- GIVEN DATA
╔══
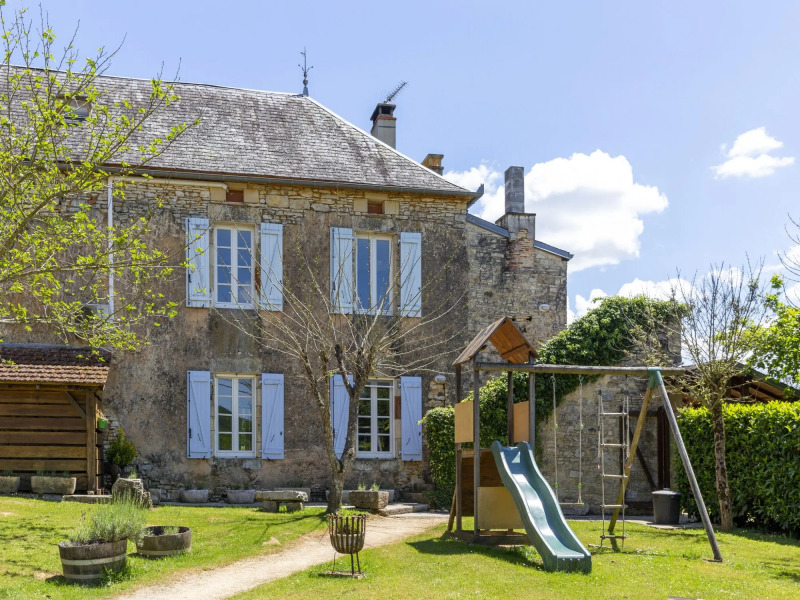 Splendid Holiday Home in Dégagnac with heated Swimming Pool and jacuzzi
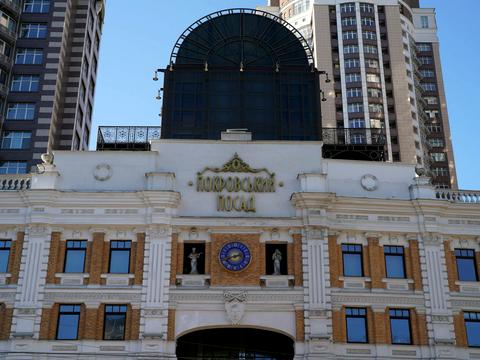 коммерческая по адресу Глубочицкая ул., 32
╚══
╔══
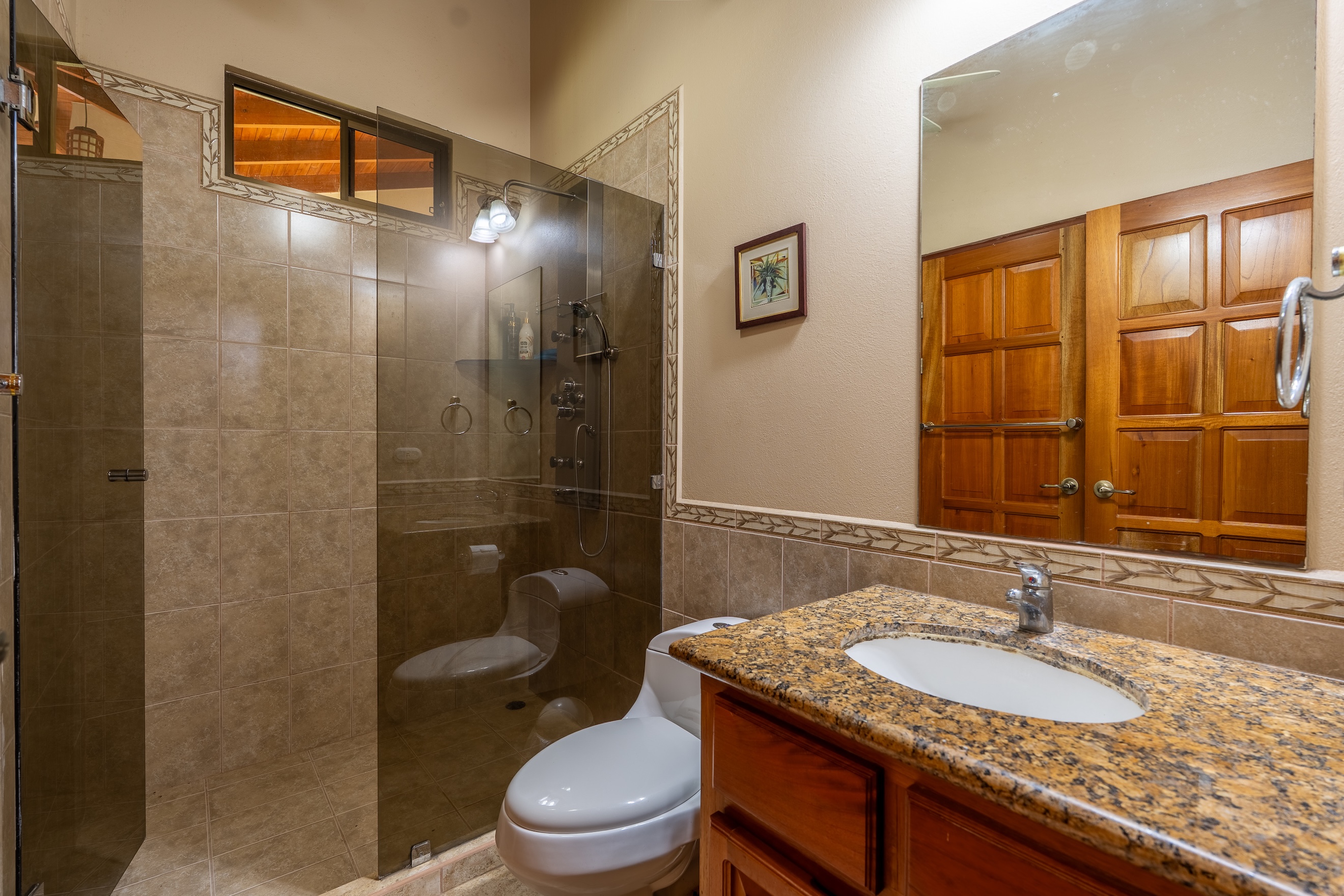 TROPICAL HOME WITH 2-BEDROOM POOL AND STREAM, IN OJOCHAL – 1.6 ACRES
╚══
╔══
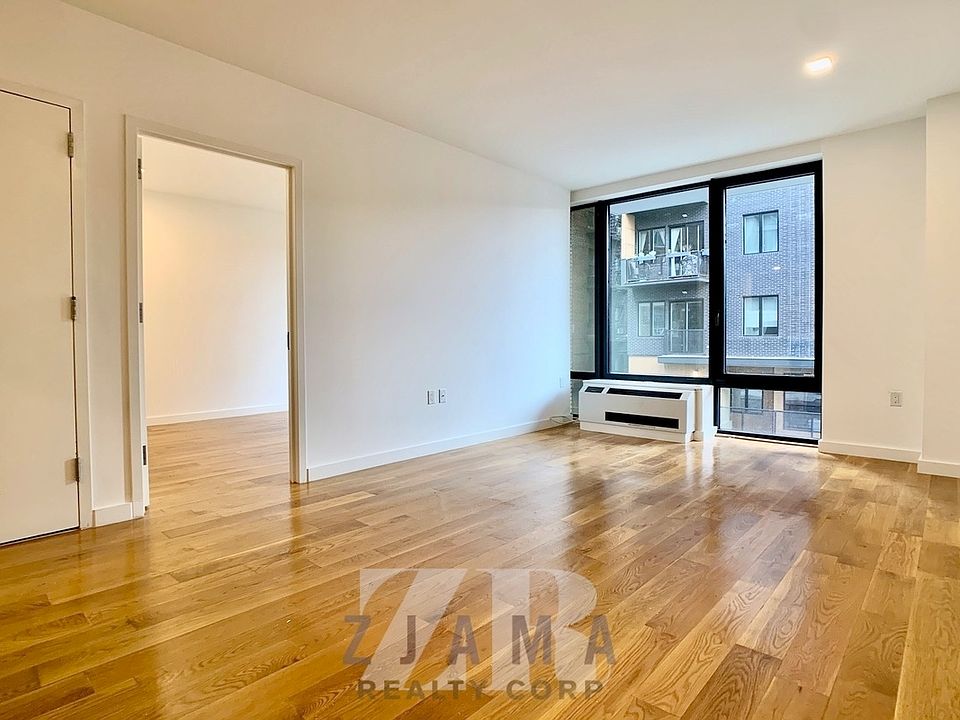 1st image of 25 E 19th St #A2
╚══
Only the lines above starting with the line with "Splendid Holiday Home" and going on through the line with "коммерческая по адресу Глубочицкая ул., 32" belong in the answer; repeat them exactly, minus any picture.

 Splendid Holiday Home in Dégagnac with heated Swimming Pool and jacuzzi
 коммерческая по адресу Глубочицкая ул., 32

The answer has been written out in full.